"The only joy in the world is to begin...." Cesare Pavese

"The only joy in the world is to begin...." Cesare Pavese

Wednesday, April 21, 2021

Edgar A. Poe: Five droll stories


William Carlos Williams, another "pure product of America," wrote a scintillating chapter on Poe in his book In the American Grain (1925).


To understand what Poe is driving at in his tales, one should read first NOT the popular, perfect— Gold Bug, Murders in the Rue Morgue , etc., which by their brilliancy detract from the observation of his deeper intent, but the less striking tales—in fact all, but especially those where his humor is less certain, his mood lighter, less tightly bound by the incident, where numerous illuminating faults are allowed to become expressive, The Business Man, The Man That Was Used Up, Loss of Breath, BonBon, Diddling, The Angel of the Odd— and others of his lesser Tales.


*     *     *


The Man That Was Used Up (1839)


"The Man That Was Used Up" is a clever story -- though not as droll as Poe clearly hopes -- in which our narrator interviews various acquaintances about the career of living legend and fine figure of a man, Brevet Brigadier General John A. B. C. Smith "in the late tremendous swamp-fight away down South, with the Bugaboo and Kickapoo Indians."

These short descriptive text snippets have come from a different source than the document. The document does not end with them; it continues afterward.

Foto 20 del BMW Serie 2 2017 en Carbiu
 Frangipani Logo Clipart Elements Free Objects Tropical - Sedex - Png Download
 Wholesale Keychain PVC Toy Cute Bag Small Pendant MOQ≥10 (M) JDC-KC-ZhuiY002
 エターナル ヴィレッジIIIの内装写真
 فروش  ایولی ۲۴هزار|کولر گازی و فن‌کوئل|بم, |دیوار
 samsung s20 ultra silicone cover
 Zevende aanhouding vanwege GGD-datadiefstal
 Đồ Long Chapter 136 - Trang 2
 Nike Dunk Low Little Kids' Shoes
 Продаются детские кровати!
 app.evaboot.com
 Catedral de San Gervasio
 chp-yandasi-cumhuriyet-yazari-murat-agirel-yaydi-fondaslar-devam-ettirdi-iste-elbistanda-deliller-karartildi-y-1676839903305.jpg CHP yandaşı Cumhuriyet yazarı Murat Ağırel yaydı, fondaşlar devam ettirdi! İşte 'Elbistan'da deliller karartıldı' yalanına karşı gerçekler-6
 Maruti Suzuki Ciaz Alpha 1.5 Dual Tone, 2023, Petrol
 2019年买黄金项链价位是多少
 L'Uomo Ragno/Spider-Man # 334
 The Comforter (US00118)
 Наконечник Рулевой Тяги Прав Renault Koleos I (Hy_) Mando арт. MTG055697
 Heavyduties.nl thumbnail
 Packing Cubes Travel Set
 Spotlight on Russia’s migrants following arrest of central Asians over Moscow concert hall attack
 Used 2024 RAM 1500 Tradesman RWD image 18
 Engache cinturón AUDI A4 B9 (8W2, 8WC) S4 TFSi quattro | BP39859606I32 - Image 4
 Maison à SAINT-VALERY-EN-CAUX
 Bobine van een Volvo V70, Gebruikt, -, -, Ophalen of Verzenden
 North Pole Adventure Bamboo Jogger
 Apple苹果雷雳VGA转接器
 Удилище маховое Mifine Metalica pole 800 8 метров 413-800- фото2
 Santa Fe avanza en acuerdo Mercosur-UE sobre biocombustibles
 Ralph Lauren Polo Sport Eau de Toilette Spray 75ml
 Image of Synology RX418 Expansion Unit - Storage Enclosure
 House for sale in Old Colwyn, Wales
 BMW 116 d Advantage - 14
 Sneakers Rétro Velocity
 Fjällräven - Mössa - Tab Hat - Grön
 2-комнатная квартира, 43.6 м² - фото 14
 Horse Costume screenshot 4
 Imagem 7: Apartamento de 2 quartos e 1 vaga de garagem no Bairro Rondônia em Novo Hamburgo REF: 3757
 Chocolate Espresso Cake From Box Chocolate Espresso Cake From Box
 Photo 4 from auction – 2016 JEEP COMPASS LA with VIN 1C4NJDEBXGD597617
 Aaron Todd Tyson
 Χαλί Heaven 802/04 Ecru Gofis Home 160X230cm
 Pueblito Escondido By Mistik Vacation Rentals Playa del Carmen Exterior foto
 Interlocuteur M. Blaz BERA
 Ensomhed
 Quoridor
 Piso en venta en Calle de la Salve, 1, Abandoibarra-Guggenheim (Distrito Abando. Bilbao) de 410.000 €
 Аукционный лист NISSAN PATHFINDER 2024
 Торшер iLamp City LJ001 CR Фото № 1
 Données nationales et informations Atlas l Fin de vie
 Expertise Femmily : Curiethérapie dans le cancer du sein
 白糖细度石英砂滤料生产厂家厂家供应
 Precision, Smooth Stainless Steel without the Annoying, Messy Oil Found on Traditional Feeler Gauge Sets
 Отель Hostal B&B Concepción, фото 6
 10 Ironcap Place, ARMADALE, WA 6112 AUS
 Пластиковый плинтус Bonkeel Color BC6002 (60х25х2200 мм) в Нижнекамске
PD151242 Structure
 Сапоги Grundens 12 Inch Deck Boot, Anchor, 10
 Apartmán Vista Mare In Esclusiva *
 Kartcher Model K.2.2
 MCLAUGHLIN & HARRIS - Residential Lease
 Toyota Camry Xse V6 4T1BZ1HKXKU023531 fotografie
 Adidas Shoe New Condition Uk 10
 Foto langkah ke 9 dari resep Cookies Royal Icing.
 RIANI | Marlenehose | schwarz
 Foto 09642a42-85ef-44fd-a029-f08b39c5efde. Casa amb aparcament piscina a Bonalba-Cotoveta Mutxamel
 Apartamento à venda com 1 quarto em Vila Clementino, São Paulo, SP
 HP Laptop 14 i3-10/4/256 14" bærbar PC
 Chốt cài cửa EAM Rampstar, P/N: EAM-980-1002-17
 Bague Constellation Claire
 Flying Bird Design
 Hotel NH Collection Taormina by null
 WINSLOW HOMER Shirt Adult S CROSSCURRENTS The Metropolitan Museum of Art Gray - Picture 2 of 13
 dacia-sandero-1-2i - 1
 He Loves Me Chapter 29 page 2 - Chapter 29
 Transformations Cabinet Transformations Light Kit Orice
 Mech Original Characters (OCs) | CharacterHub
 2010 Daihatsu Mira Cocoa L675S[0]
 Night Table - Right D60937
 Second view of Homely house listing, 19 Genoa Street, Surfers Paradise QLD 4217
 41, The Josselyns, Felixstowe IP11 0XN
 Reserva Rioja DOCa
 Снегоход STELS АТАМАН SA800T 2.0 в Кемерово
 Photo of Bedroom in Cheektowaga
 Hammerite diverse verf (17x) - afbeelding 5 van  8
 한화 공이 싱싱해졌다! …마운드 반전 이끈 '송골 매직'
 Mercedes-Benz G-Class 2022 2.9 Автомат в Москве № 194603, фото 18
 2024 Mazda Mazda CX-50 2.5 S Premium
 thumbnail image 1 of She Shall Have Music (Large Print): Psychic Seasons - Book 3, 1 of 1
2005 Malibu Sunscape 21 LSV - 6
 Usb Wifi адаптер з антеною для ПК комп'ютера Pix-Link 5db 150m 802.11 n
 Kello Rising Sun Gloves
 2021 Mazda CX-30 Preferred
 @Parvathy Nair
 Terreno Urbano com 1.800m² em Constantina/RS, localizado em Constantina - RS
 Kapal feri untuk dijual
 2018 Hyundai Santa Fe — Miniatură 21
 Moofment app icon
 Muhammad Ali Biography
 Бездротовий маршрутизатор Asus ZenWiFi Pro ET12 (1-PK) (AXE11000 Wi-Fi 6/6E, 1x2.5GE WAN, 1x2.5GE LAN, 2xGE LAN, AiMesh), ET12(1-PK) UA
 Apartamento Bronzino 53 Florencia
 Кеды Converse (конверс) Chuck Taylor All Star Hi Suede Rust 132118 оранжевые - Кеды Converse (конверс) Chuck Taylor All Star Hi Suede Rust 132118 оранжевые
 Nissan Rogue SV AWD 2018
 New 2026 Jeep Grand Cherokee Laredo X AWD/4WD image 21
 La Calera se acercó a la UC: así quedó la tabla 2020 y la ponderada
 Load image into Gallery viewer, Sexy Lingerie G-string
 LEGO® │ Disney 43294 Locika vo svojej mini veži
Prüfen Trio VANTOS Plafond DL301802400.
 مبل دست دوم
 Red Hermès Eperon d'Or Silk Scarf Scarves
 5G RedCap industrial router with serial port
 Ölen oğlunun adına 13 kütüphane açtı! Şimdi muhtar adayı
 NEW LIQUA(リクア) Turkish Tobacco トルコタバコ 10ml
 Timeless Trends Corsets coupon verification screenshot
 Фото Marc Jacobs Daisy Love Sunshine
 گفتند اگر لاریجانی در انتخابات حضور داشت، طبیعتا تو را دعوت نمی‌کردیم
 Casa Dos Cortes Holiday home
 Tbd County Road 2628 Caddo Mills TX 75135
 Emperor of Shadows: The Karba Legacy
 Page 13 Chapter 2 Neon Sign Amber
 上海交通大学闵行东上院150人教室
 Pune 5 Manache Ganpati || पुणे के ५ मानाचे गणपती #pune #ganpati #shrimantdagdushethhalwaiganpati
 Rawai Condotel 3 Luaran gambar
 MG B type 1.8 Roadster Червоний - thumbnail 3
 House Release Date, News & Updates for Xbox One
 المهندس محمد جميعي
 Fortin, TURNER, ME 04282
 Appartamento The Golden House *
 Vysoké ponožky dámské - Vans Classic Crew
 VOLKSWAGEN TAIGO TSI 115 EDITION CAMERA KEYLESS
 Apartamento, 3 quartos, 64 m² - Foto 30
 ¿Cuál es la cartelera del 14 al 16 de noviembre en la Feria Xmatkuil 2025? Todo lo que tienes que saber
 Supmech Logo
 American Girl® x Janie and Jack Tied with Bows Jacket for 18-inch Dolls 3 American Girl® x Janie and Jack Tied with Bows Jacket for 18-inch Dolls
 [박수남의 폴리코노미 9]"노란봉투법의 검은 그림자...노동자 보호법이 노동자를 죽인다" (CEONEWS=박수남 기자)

The narrator interviews Miss Tabitha T. We at the Church of the Reverend Doctor Drummummupp, the Misses Arabella and Miranda Cognoscenti as they attend the Rantipole theatre to take in a performance by that fine tragedian Climax as Iago, the social butterfly  and lovely widow Mrs. Kathleen O'Trump, the graceful Mrs. Pirouette, and finally Mr. Theodore Sinivate.


Ultimately the narrator goes in search of the general himself:


....It was early when I called, and the General was dressing, but I pleaded urgent business, and was shown at once into his bedroom by an old negro valet, who remained in attendance during my visit. As I entered the chamber, I looked about, of course, for the occupant, but did not immediately perceive him. There was a large and exceedingly odd looking bundle of something which lay close by my feet on the floor, and, as I was not in the best humor in the world, I gave it a kick out of the way.


"Hem! ahem! rather civil that, I should say!" said the bundle, in one of the smallest, and altogether the funniest little voices, between a squeak and a whistle, that I ever heard in all the days of my existence.


"Ahem! rather civil that I should observe."


I fairly shouted with terror, and made off, at a tangent, into the farthest extremity of the room.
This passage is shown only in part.